Exercícios de transfiguração da morte em Sócrates
O diálogo Fédon tem por protagonista Sócrates, “por cenário, o cárcere de Atenas, por data, o derradeiro dia de vida do ‘melhor, do mais sábio e do mais justo dos homens’, por assistentes e interlocutores, discípulos e amigos do filósofo, por assunto dominante, a imortalidade da alma” (Carvalho, 1975, p. V). No seu início, em Fédon 57 a, temos Equécrates perguntando a Fédon se este havia presenciado ou ouvido a narrativa da morte de Sócrates, pois gostaria de saber o que o filósofo teria dito, ao que Fédon replica que Sócrates parecia ter serenidade quanto à morte. Sócrates enfrenta a morte de frente, e a narrativa de Fédon constitui um exercício ressignificativo dela, o que nos permite concluir que uma das formas de transfigurar a morte seja pela narração. Filosofar, em Sócrates, significa dar novo sentido à morte, aprender a morrer, que é o mesmo que aprender a viver bem mediante a transfiguração do seu lugar comum, como expresso em Fédon 64 a, em que se afirma que quem busca a filosofia se ocupa especialmente em aprender a morrer e estar morto.

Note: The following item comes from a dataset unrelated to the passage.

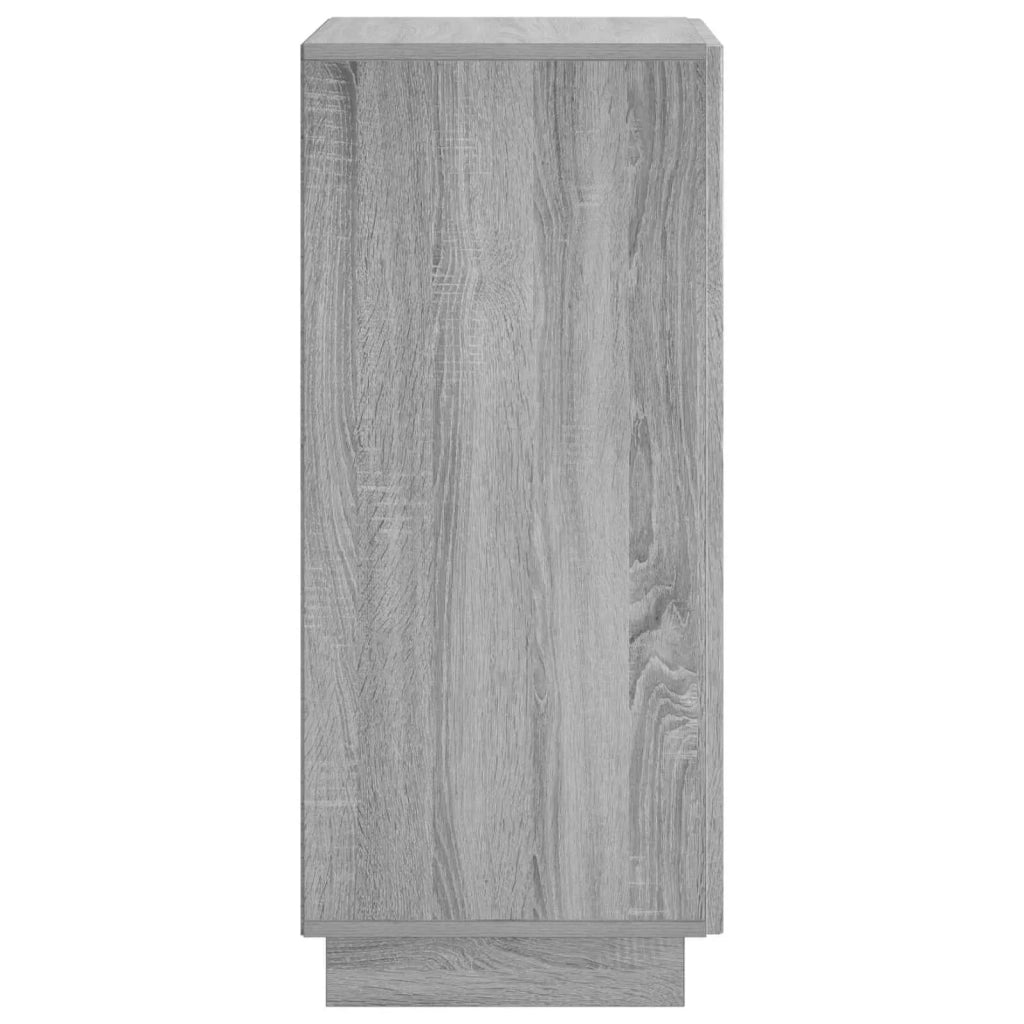 Mobile per scarpe 48 x 38 x 87,5 cm Legno ingegnerizzato 8011672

O fato é que, mesmo assentando sua transvaloração da morte com a existência de vida pós-morte, Sócrates nos lega a lição de que aprender a viver bem implica aprender a morrer para aquilo que não contribui para a felicidade e liberdade - o que é representado pela dependência aos prazeres físicos, aos bens materiais, ao poder. Refletir, raciocinar, ou seja, transfigurar, não significa menosprezar a dimensão físico-corporal, mas minimizar os apegos que atrapalham viver livremente. A meta da reflexão do Fédon não é apenas a alma e sua imortalidade, mas também a postura do filósofo diante da realidade. Santos (2009) aponta que, no Fédon, Platão mostra que a alma é princípio condutor da ação individual, com uma recusa de qualquer associação ao corpo que, para a época, mostra uma inteligência visionária deste.
Podemos dizer que uma das metas da transvaloração da morte consiste em realizar uma purificação, pelo pensamento, daquelas paixões que não nos tornam mais temperantes, mais justos e mais livres. O pensamento, especialmente o narrativo, reúne nossas atenções em torno do foco essencial que é nossa alma, cujo cultivo nos faz felizes e livres. O filósofo aspira à sabedoria ao procurar viver transfigurando o morrer e, nesse sentido, ele se exercita para a morte em vida, como nos recomenda Sócrates, em Fédon 82 c, ao afirmar que os filósofos ficam afastados de uma vida de prazeres corporais e de riquezas, visto que não se entregam a um modo de vida que não se destine ao desenvolvimento da própria existência.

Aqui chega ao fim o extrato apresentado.